In general, an inner-rotor-type motor includes a housing, a stator fixed to the housing, and a rotor provided in the stator. In particular, in a motor in which the rotor is a permanent magnet, a magnetic pole strength generated by the stator is controlled by detecting the magnetic pole position of the rotor in order to prevent a step-out and a synchronization loss. For this purpose, such a motor includes a sensor substrate on which a magnetic sensor such as a hall element is mounted. The sensor substrate is usually provided at a position axially spaced apart from the rotor. In order to enhance the accuracy of detection of the magnetic pole position of the rotor by the sensor substrate, the magnetic sensor and the rotor need to be spaced apart from each other by a certain distance. Because the rotor does not make a relative movement in the axial direction with respect to the housing, the magnetic sensor and the rotor can be spaced apart from each other by a certain distance by determining the relative position of the sensor substrate with respect to the rotor and fixing the sensor substrate to the housing.

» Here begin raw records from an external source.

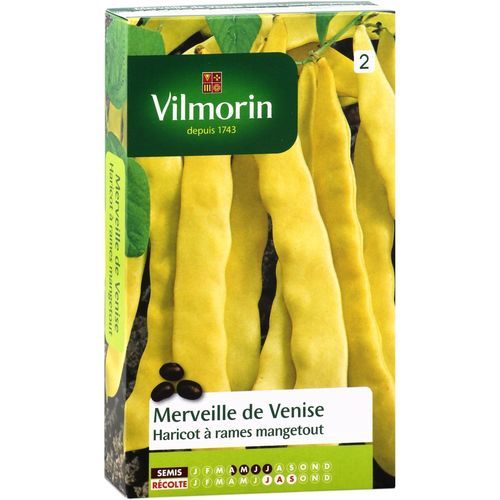 Semilla de haba tardía - Merveille de Venise - Vilmorin Jardin (Vilmorin Garden/ VDB) - trepadora / amarilla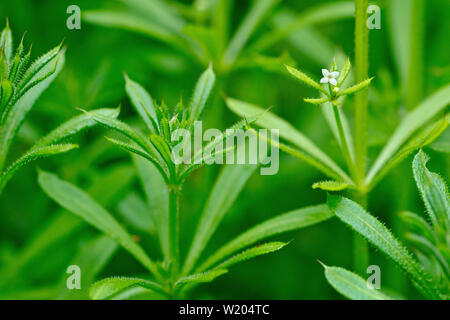 Hackmesser, Goosegrass oder klebrigen Willie (Galium aparine), in der Nähe der Pflanzen Blätter und kleine weiße Blume. Stockfoto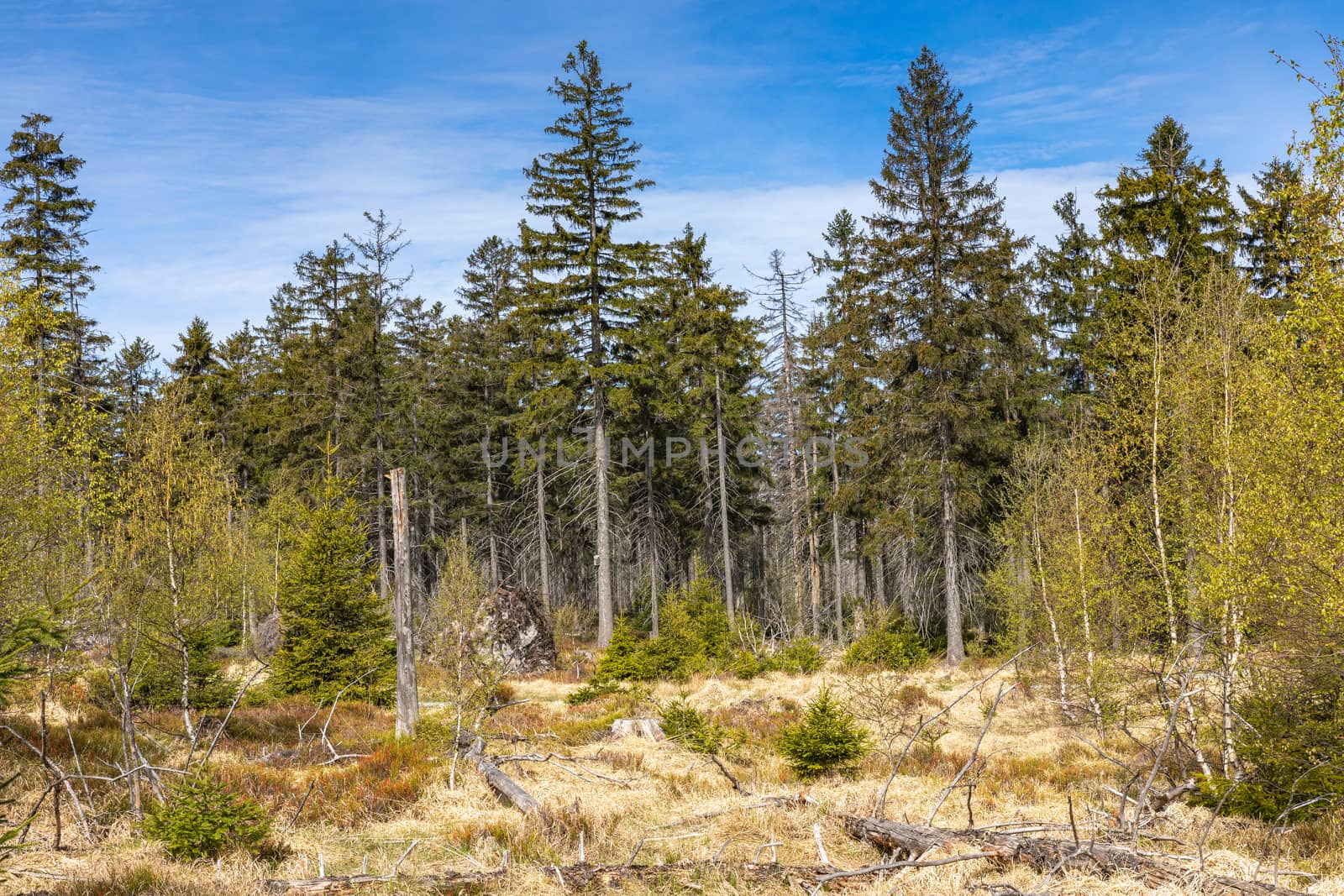 Stolowe Mountains National Park in Kudowa-Zdroj, Poland. A popul by mariusz_prusaczyk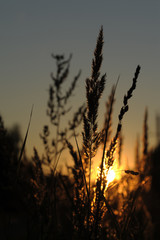 Grass with sun on sunset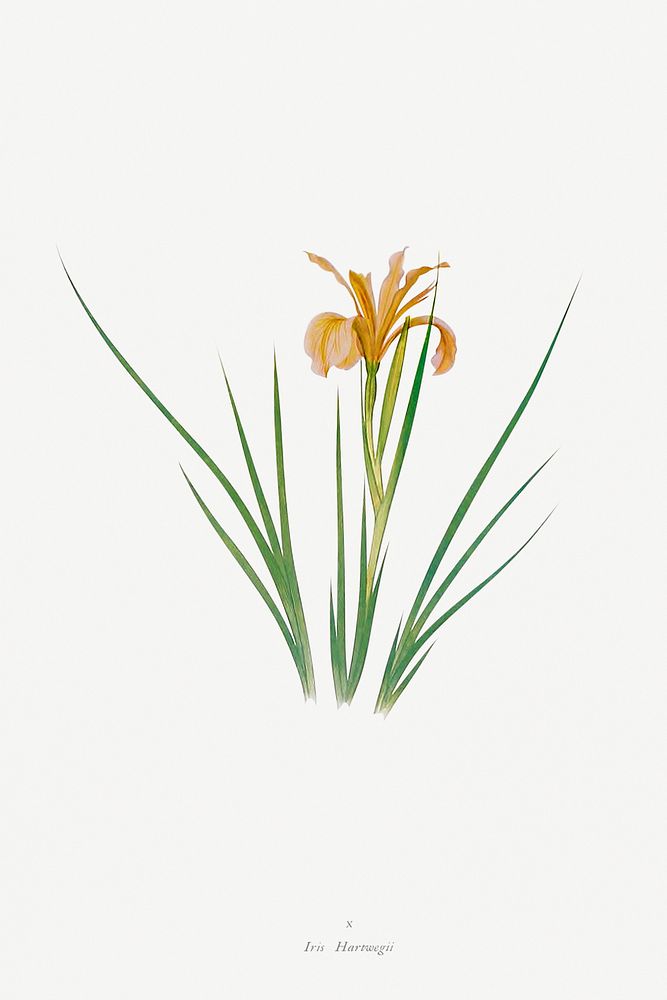 Iris Hartwegii from The Genus Iris (1913) by William Rickatson Dykes. Original from The Biodiversity Heritage Library.…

However, if the sensor substrate is attached directly to the housing, a problem arises in that the durability of the sensor substrate is compromised. For example, if a motor as described above is used as the power source in an electric tool such as an impact driver, vibration occurs due to the environment or the operation of the motor itself. The vibration causes a stress concentration in the attachment portion where the sensor substrate and the housing are attached, which may compromise the durability of the sensor substrate.
For this reason, for example, Patent Literature 1 (PTL 1) discloses a structure for indirectly fixing a sensor substrate to a housing by fixing the sensor substrate to a stator and fixing the stator to the housing. The stator disclosed in PTL 1 includes a cylindrical stator core and an annular insulator provided on opposing sides in the axial direction of the stator core. An engagement projecting portion is provided on an outer circumferential surface of one of two insulators, and an engagement recess portion is provided on an inner circumferential surface of the housing. As a result of the engagement projecting portion and the engagement recess portion being fitted to each other, the stator is positioned with respect to the housing in the axial direction. PTL 1 also discloses a configuration in which an engagement recess portion is provided on the outer circumferential surface of one of the two insulators and an engagement projecting portion is provided on the inner circumferential surface of the housing. In either case, the sensor substrate is fixed to one of the two insulators that is used to position the stator with respect to the housing. This is to prevent the accuracy of positioning of the sensor substrate from lowering due to an error in the axial length of the stator core. In general, a stator core is composed of a stack of steel plates, and for this reason, the thickness of the stator core includes accumulated thickness errors of the steel plates. If the part of the insulator that is used to perform positioning with respect to the housing and the part of the insulator that is used to fix the sensor substrate are different, the sensor substrate is fixed not only to the insulator but also to the housing via the stator core. Accordingly, with the configuration, the relative position of the sensor substrate with respect to the housing in the axial direction varies due to an error in the axial length of the stator core, and the accuracy of positioning of the sensor substrate in the axial direction is lowered.